Kaos, ‘kargaşa’ anlamına gelen Yunanca kökenli bir sözcüktür. Kaos kuramını biraz açıklamaya çalışayım. Şöyle kuvvetlice öksürün. Atmosferde küçücük bir değişiklik yaptınız, hafif bir dalgalanma oldu: Hava alıp verdiniz. Bu küçük atmosfer değişikliğinin bugün ya da yarın sonuçlarını göremeyebilirsiniz. Ama bir yıl sonra, o kuvvetli öksürüğünüz Bengladeş’te evleri yerle bir eden bir tayfuna neden olabilir belki... Bilinmez... Ya da, bir kelebeğin şöyle bir kanat çırpmasının on yıl sonra doğuracağı sonuçları bilemeyiz. Bu yüzden meteoroloji yalnızca bir haftalık tahmin yapabilir; bir yıl sonrasını tahmin edemez. Birbirine çok yakın koşullar, çok uzun bir süre sonra birbirine hiç benzemeyen durumlar yaratabilir. İşte kaos kuramı bu sorunla ilgilenir. Matematikte kaos/kargaşa var mıdır? Evet vardır. Var ki kuramı bulunmuş. Matematikten bir kaos örneği vereceğim bu yazımda…” (Kuramsal bir cinayet işlemek pahasına, özetleyerek alıntılamaya devam ediyorum. Meraklısı, verdiğim adresten, makalenin tamamına ulaşabilir).
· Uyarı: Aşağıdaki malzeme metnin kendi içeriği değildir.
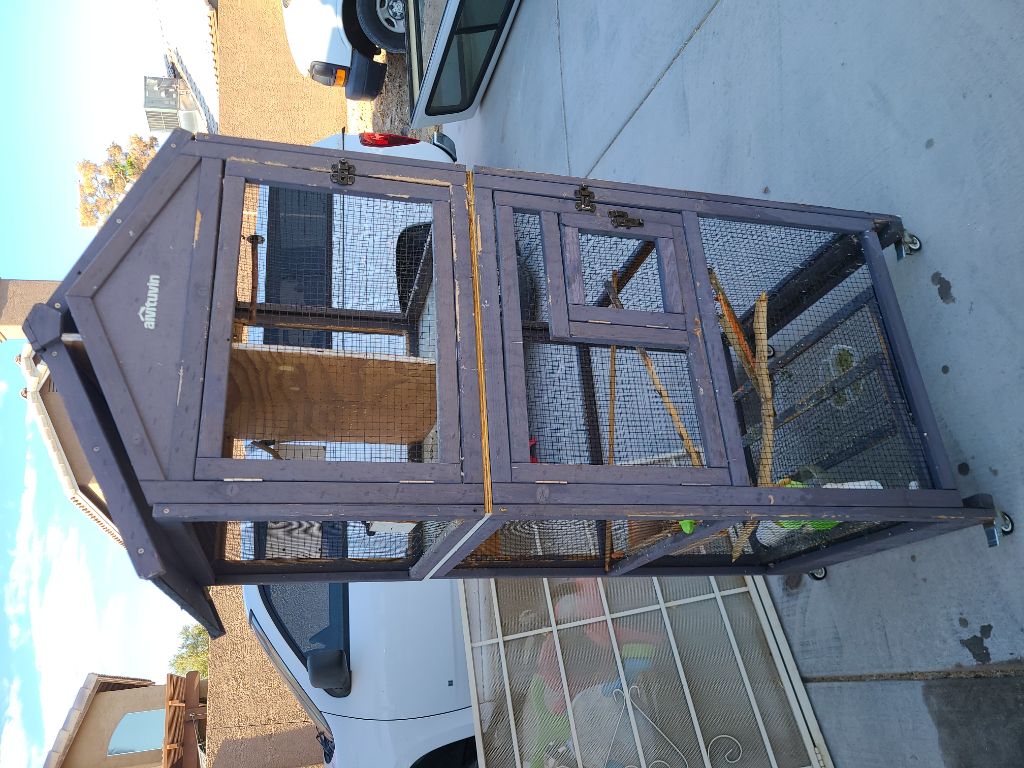 Free BIRD CAGE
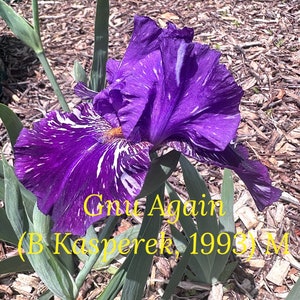 May include: A close-up of a purple and white iris flower with white stripes. The flower is labeled "Gnu Again (B Kasperek, 1993)".
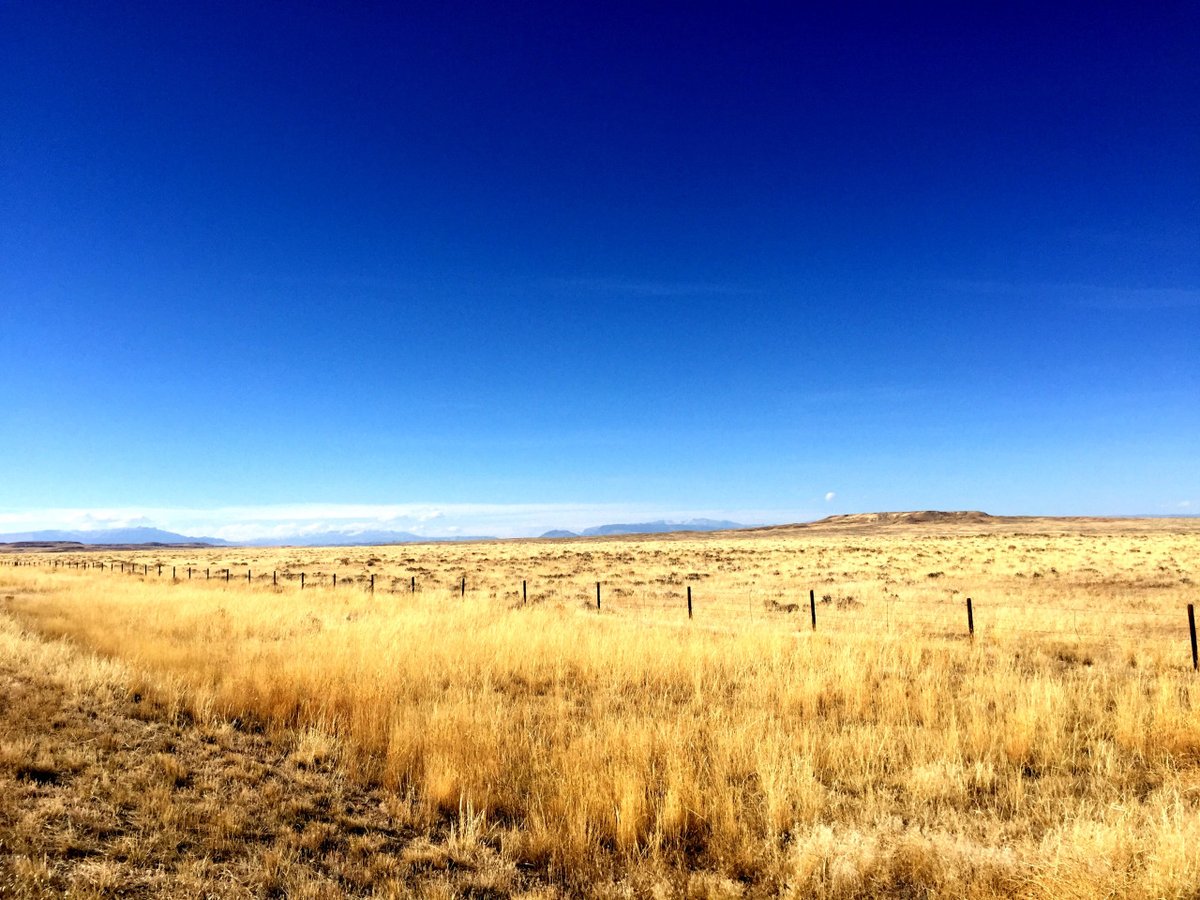 A fence made out of wire and wooden poles going through a large grassy field.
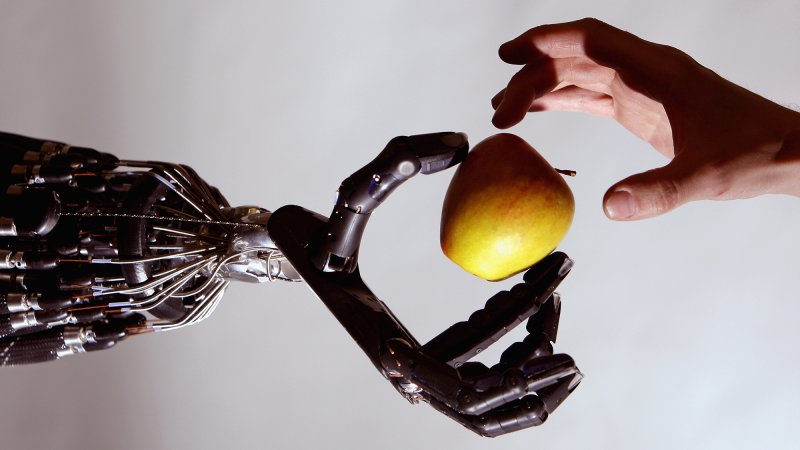 The Shadow Robot company's Dextrous Robotic Hand was the most advanced robot hand in the world in 2008.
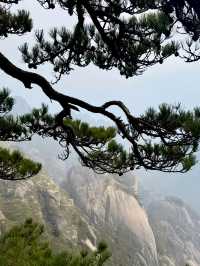 探索黃山，邂逅人間仙境！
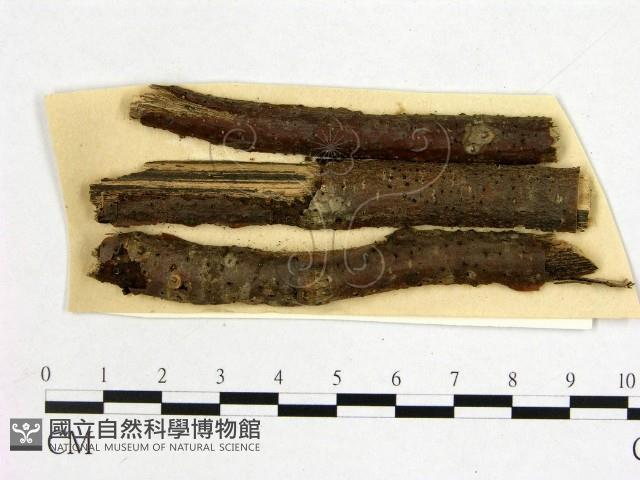 登錄號:F0011607藏品圖，第1張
“…1/3’ün tam nerede olduğunu hiç merak ettiniz mi? 1/3’ün nerede olduğunu bulmaya çalışacağız. Şurası kesin ki, 1/3, sıfırla bir arası bir sayıdır, yani [0, 1] aralığındadır. Ama bunu bilmek 1/3’ün tam nerede olduğunu bilmek değildir… “diye başlıyor makale. Sonra;
“…1/3’ün tam nerede olduğunu biraz daha iyi anlayalım. [0, 1] aralığını ortadan ikiye bölersek, 1/3 hangi tarafa düşer? Sağa mı, sola mı? Yani 1/3, 1/2’den küçük müdür, büyük müdür? Elbet 1/3 < 1/2 eşitsizliği geçerlidir ve 1/3 soldaki aralığa düşer. 1/3 bu aralıklardan hangisine düşer? Yanıtı vereyim…” diye olgunlaşıyor ve tekrar soruyor Hoca, “…1/3 sayısı, ortadan bölünen aralıkların bir soluna, bir sağına düşer. Yani, 1/2’nin soluna, 1/4’ün sağına, 3/8’in soluna, 6/16’nın sağına... Kaos bunun neresinde ?” Yanıtı yine kendisinden dinleyelim:
“…1/3 = 0,333333... eşitliğini biliyoruz. 0,333333 sayısı 1/3’e çok yakın bir sayıdır ama 1/3 değildir. 0,333333 sayısı da başlangıçta 1/3 gibi bir sola, bir sağa düşer, ama bir zaman sonra 1/3’ün davranışından tamamıyla uzaklaşır, sanki 1/3’le uzaktan yakından bir ilgisi yokmuş gibi davranır. İşte bu kaostur ! Birbirine çok yakın iki sayı, bir süre benzer biçimde davranırlar, ama bir süre sonra birinden alınan bilgi, öbürü hakkında bize hiçbir bilgi vermez... / …Görüldüğü gibi, işlemleri yaptıkça 0,3333... sayısına, yani 1/3’e yaklaşıyoruz. İşlemleri sonsuza dek yapmaya zamanımız olsaydı, tam 1/3 bulurduk. İşlemleri sonsuza dek yapamasak bile, yukarda yaptığımız gibi, sonsuz işlemin sonucunun 1/3 olduğunu matematikle buluruz…”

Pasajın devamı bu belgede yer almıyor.